J'ai encore rêvé de Paris la nuit dernière.... J'incline ma tête sur le coté, elle touche ma fenêtre. Je soupire. Mes yeux ne sont plus une fente. Je ne vois plus qu'une trace orange violacé, plutôt floue...Un couché de soleil.
Est-ce mes larmes qui obstruent ma vu ?
Dans mon esprit bourdonne le doux carillon de ma boîte à musique. Je rapproche mon porte cigarette de ma bouche. Je pense alors au bal, aux bordures dorées, à la poudre blanche, aux rouges à lèvres sang... et que sais-je encore....

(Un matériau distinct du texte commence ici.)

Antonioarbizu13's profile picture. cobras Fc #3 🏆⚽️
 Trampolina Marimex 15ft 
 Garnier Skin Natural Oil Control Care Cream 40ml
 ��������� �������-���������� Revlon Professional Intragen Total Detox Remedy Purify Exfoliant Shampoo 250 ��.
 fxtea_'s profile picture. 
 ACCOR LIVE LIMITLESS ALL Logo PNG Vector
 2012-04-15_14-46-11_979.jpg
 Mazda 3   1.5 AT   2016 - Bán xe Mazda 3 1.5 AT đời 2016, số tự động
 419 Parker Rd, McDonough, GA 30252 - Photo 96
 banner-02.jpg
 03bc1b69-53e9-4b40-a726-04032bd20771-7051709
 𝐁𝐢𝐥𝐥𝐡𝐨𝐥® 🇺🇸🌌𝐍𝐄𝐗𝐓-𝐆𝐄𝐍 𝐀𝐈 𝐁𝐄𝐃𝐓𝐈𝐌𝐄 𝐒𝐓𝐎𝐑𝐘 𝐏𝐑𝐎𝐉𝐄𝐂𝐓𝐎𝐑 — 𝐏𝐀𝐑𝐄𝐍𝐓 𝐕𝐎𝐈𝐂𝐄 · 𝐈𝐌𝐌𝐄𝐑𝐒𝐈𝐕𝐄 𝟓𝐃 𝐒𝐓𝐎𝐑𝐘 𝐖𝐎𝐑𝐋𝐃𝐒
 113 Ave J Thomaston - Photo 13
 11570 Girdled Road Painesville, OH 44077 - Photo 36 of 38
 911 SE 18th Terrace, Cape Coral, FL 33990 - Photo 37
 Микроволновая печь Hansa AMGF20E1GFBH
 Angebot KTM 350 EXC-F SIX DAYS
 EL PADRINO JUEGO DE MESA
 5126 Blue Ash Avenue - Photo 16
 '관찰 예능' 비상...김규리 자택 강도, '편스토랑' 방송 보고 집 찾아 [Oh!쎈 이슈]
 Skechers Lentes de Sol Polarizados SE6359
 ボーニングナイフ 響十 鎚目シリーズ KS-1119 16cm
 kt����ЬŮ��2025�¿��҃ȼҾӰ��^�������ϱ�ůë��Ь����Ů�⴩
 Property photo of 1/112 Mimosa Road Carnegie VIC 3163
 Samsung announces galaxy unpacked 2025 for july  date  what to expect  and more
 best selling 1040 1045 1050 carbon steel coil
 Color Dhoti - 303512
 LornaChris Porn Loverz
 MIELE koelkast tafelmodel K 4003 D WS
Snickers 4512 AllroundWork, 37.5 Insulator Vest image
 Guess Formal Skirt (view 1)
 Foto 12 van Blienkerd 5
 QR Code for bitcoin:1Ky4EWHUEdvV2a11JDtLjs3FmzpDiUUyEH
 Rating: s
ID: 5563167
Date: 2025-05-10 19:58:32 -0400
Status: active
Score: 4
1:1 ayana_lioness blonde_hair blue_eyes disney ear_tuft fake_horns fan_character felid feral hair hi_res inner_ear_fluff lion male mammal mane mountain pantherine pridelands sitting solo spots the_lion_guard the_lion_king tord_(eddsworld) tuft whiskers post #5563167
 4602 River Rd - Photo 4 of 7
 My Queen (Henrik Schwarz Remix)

Je m'élance en arrière et danse au rythme de cette douce mélodie qui envahi ma chambre, mon corps, mon âme. Ma robe tourne avec moi dans mon ballet effréné, je ris. De faibles rayons de lumières se projettent sur le marbre de mon balcon. Un souffle de vent s'engouffre dans ma chambre, ma robe s'envole d'autant plus. Maintenant je ris au éclat, je m'imagine, Paris, ses grandes avenues, ses immeubles à l'architecture irréprochable, ses dames élégantes, ses opéras, ses théâtres, ses bals, ses artistes, sa polémique, sa misère, sa superficialité....Je me souvient de l'époque. J'ai l'impression de ne pas être de votre univers.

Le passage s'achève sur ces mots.